The 2020-2021 winter season is now in the books and for many of us who have been through several Wisconsin winters, this one seemed to be a fairly easy one to get through.
We we’re off to a mild start to the winter season with average temperatures in December over six degrees above average. Snowfall was lacking as we picked up just over eight inches of snow for the month.
The mild trended lasted into January with out average temperature for the month once again over six degrees above average. Our snow deficit continues as Green Bay only saw 5.5 inches of snow for the month.
After a mild start to February, we felt over a two week stretch with highs that we’re well below average. Even with a warm up the last few days of the month, it wasn’t enough to overcome that deficit as our average temperature ended up almost six degrees below average. We did see some more wintry weather as our monthly snowfall ended up 1.9″ above average.
As a whole, the winter season saw temperatures 4.4 degrees above average with snowfall well below average by 10.4″.
The warmest day of the season was on December 10th when the high soared to 51 degrees. The snowiest day was February 4th after 6.4″ of snow was recorded.
Across the state of Wisconsin temperatures were near or above average for the winter season for most of the state. Average temperatures were slightly below normal for southern counties.
When it comes to precipitation and snowfall, much like Green Bay, the state also had a rather dry season. All across the state conditions were drier compared to average. In terms of snowfall, most of Wisconsin also saw below average measurements. The one exception was across southern Wisconsin where snowfall totals exceeded seasonal normal values.
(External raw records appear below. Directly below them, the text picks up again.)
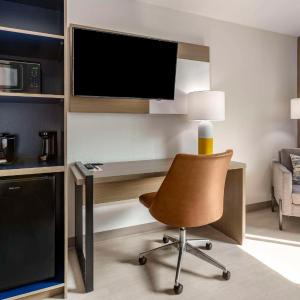 King Room - Accessible/Non-Smoking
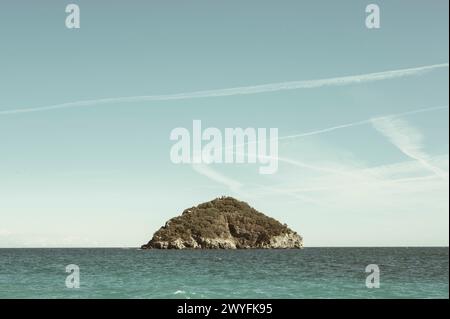 Panorama vor der Insel Bergeggi nur wenige Meter vom Strand Spotorno (Ligurien, Italien) entfernt Stockfoto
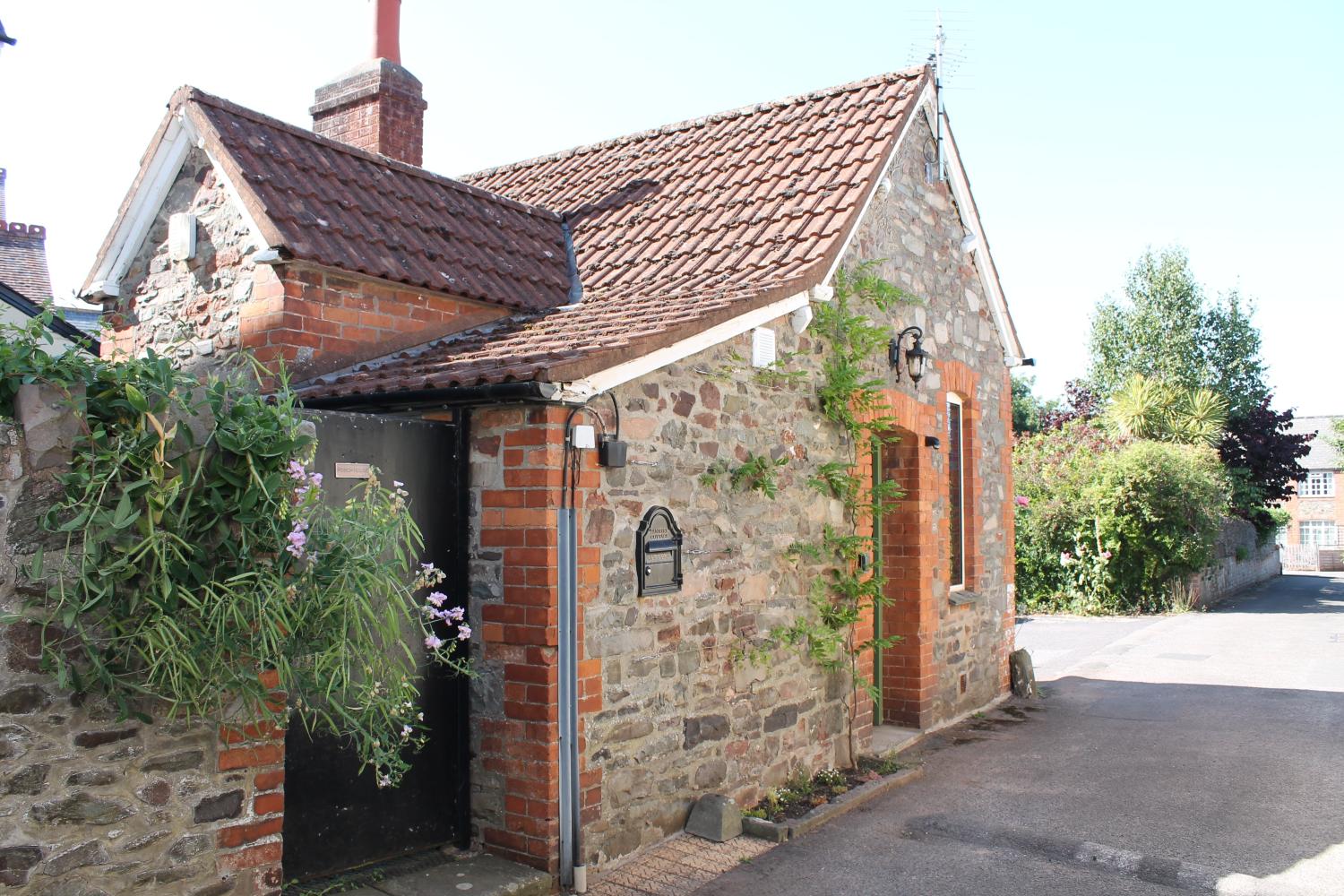 Looking at the house from the High Street end of the private lane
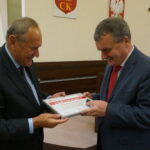 Podsumowanie organizacji Mistrzostw Świata Kobiet do lat 18 w Piłce Ręcznej Polska 2018. Wyróżnienie dla miasta Kielce wręcza prezydentowi Wojciechowi Lubawskiemu (z prawej) prezes ZPRP Andrzej Kraśnicki / Wiktor Dziarmaga / Radio Kielce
As we look ahead to the spring season the Climate Prediction Center is showing much of the United States could see temperatures that end up above average for March through May. Locations across the northwest could be slightly cooler than average.
When it comes to precipitation, the northwest as well as the Great Lakes regions have the potential to see above average amounts. Drier conditions may exist across the gulf coast and southwestern areas.